# Looking for a decent aftermarket stereo head unit?



## FrontierJourney (Nov 21, 2005)

After finally putting up with an FM-modulated iPod interface and XM radio (both sounded pretty good, but...you know. Had to go for the gold) for two whole weeks (hehe), I went looking for a decent head unit with these specs:

- CD/MP3 capable (WMA is nice also, but not required)
- Remote control
- XM-ready (very important)
- Removeable faceplate (pretty standard)
- Some kind of iPod interface/portable audio player interface
- Decent power and good reviews
- At least one pair of pre-outs (for a sub later)
All for under $175 (which is a tall order)

It is VERY hard to find a unit with all the above for under $200, let alone $175. I didn't want to add $50 in XM cables and adapters either, nor did I want to spend $100 on an iPod integrated adapter/cable since I prefer the iPod's interface to some clunky stereo integrated interface.

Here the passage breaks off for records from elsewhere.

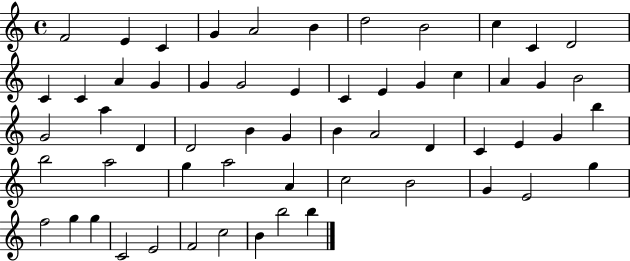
{
  \clef treble
  \time 4/4
  \defaultTimeSignature
  \key c \major
  f'2 e'4 c'4 | g'4 a'2 b'4 | d''2 b'2 | c''4 c'4 d'2 | \break c'4 c'4 a'4 g'4 | g'4 g'2 e'4 | c'4 e'4 g'4 c''4 | a'4 g'4 b'2 | \break g'2 a''4 d'4 | d'2 b'4 g'4 | b'4 a'2 d'4 | c'4 e'4 g'4 b''4 | \break b''2 a''2 | g''4 a''2 a'4 | c''2 b'2 | g'4 e'2 g''4 | \break f''2 g''4 g''4 | c'2 e'2 | f'2 c''2 | b'4 b''2 b''4 | \break \bar "|."
}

Looked at Pioneer, Clarion and Sony (and Audiobahn), but all the additions for the iPod and XM radio would have pushed the price to almost $325.

Luckily, I found the Dual XMDR-7700 which came with everything mentioned above (which was impressive in itself): XM cable for the Terk universal XM box and XM-ready without any other proprietary adapters, RCA cables/3.5mm cables for a portable MP3 player (perfect for the iPod), very nice power, and a rather unique dual-motorized facplate/display. The "iPlug" that is came with basically is a 3.5mm to RCA adapter (with a 4-foot cable) that allows you to place this "iPlug" near your iPod or other player and hooks right to its headphone output. I loved this alternative compared to a front-mounted AUX input, with an unsightly cable hanging down from your head unit to your player.

Anyway, with the universal XM radio being only $50 with a $50 rebate (making it free), and not needing a brand-proprietary adapter (like Sony, Pioneer and others make you use), this seemed like the dream head unit to get. I could find no other unit under $200 that was as loaded as this. I use the iPod to listen to podcasts in the truck, so having a neatly-hidden AUX jack was important.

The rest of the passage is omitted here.